▸ Information provided:
□ □ □ □ □ □ □

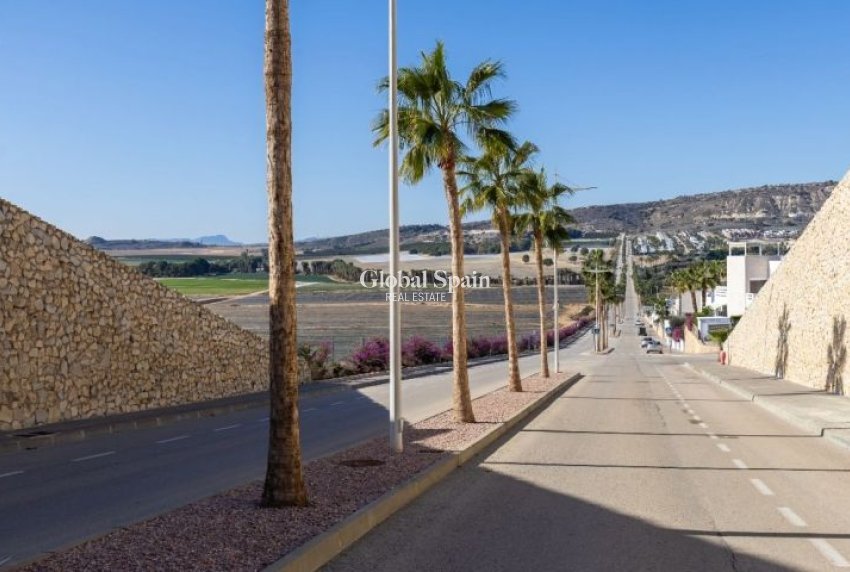 Wederverkoop - VILLA -
ALGORFA - Inland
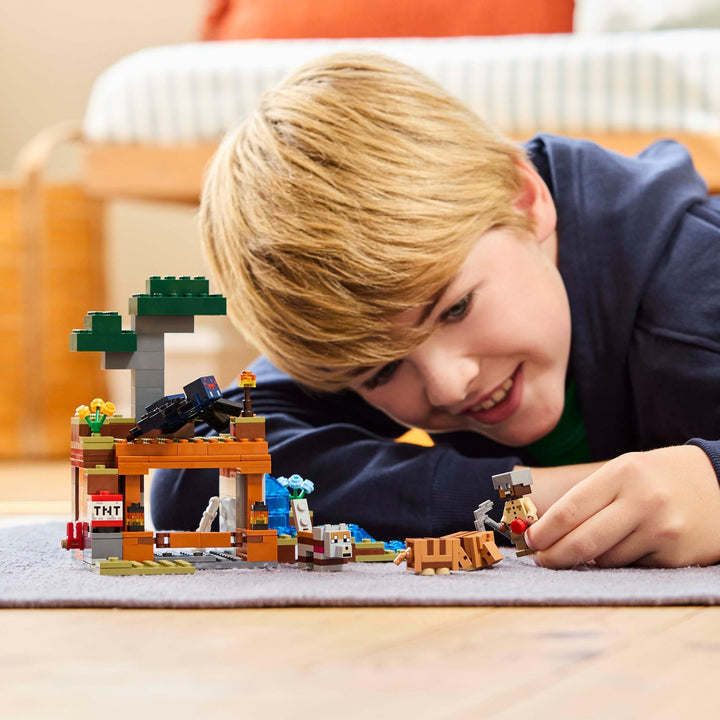 LEGO Minecraft The Armadillo Mine Expedition 21269 - Building Set for 8+ Year Olds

□ □ □ □ □ □ □

▸ What to produce:
Print all the lines above exactly as they are, but without the pictures.

▸ Solution to the problem:
 Wederverkoop - VILLA -
ALGORFA - Inland
 LEGO Minecraft The Armadillo Mine Expedition 21269 - Building Set for 8+ Year Olds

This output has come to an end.